As Superstorm Sandy blew its devastating winds through much of the Eastern U.S., retailers had to deal with it just like everyone else. But few seemed to have anticipated the more than eight days of outages along with the gas shortages, closed roads, lack of food and water, plus the dead phone lines, lack of broadband access and dead cell towers.
With global weirding (the term for the many strange weather patterns caused by global warming), there’s a fine chance these week-plus outages may be something that has to be planned for. With that in mind, let’s look at what some chains discovered when they could only exist via emergency generator.

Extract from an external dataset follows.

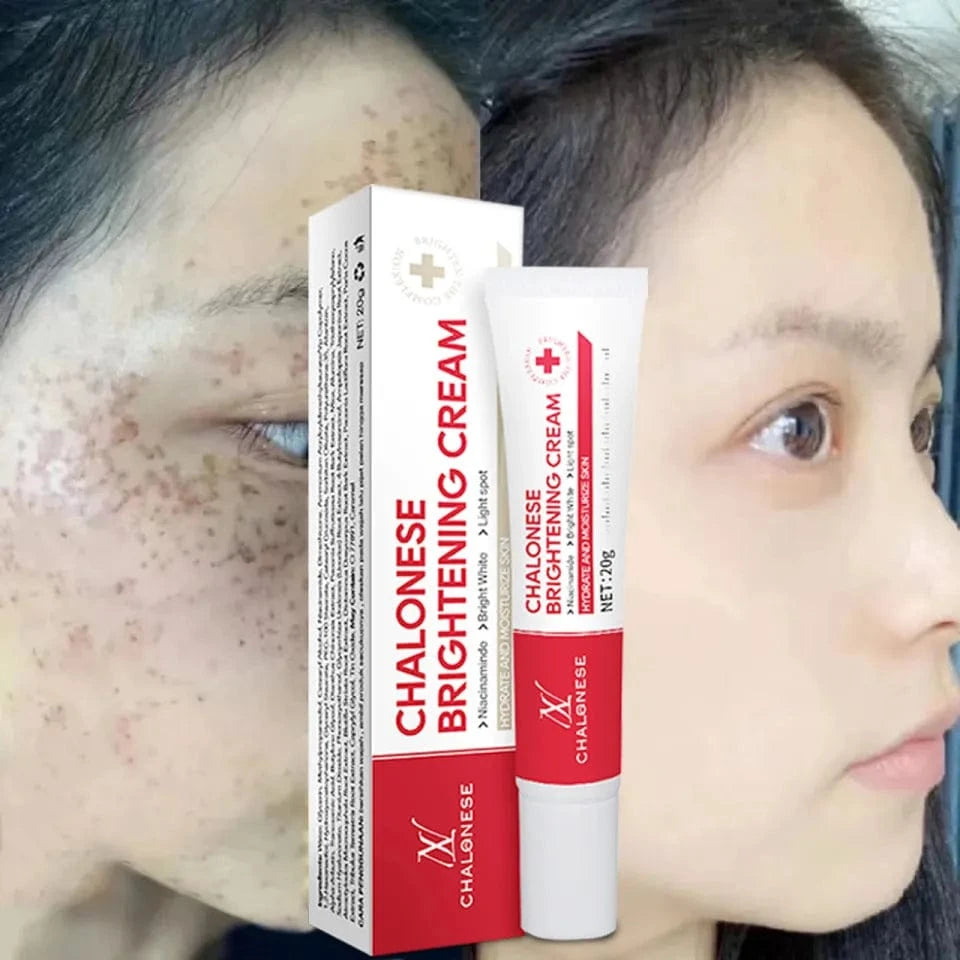 MD Chalonese Brightening Cream – Because Your Skin Deserves to Shine! 🌟 - dmore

When Best Buy went on emergency generators, it kept the lights on and the POS functioning, but not the network. That means it could process credit-card transactions but not debit. Gift cards, returns, product lookups and special orders were all either impossible or severely limited. What if this outage was caused by a simple blizzard, perhaps in the middle of December? Want to give up returns, special orders and all debit card transactions for eight days in the middle of the holiday rush?
The local Target was able to handle some debit card transactions, but it couldn’t put out all displays and related activities. Why? When various circuits were given to the emergency generator, the backroom/stockroom wasn’t on the list. It was pitch black in there, so nobody could get stuff out.
Apparently, the paperwork and permissions required to use flashlights and batteries on the selling floor to restock products is more daunting than the decision that marketing displays could wait until the power was fully restored.
In disaster recovery plans, have you sketched out which rooms will need power for an extended outage? Have you provided for power for the networks? What about auxiliary network access?
Starbucks in the region acted as small emergency shelters, providing — sometimes — Wi-Fi access along with a warm place to sit and coffee to function. But when many Starbucks had to shut down due to power outages, the website continued to broadcast those locations as open. It also didn’t provide emergency hours or which locations still had functioning Wi-Fi.
With phone lines out for huge areas, customers would have greatly appreciated seeing the most updated store information, even if it was a few hours old. Yes, that would be a lot of business during the storm. And stores full of very appreciative customers. That generates the type of loyalty that no promotion can buy.
What IT or backend lessons did Sandy provide for retailers? For instance, what are the most and least important areas at retail that require power during emergencies? What other disaster recovery shortfalls would you add to those mentioned in the article?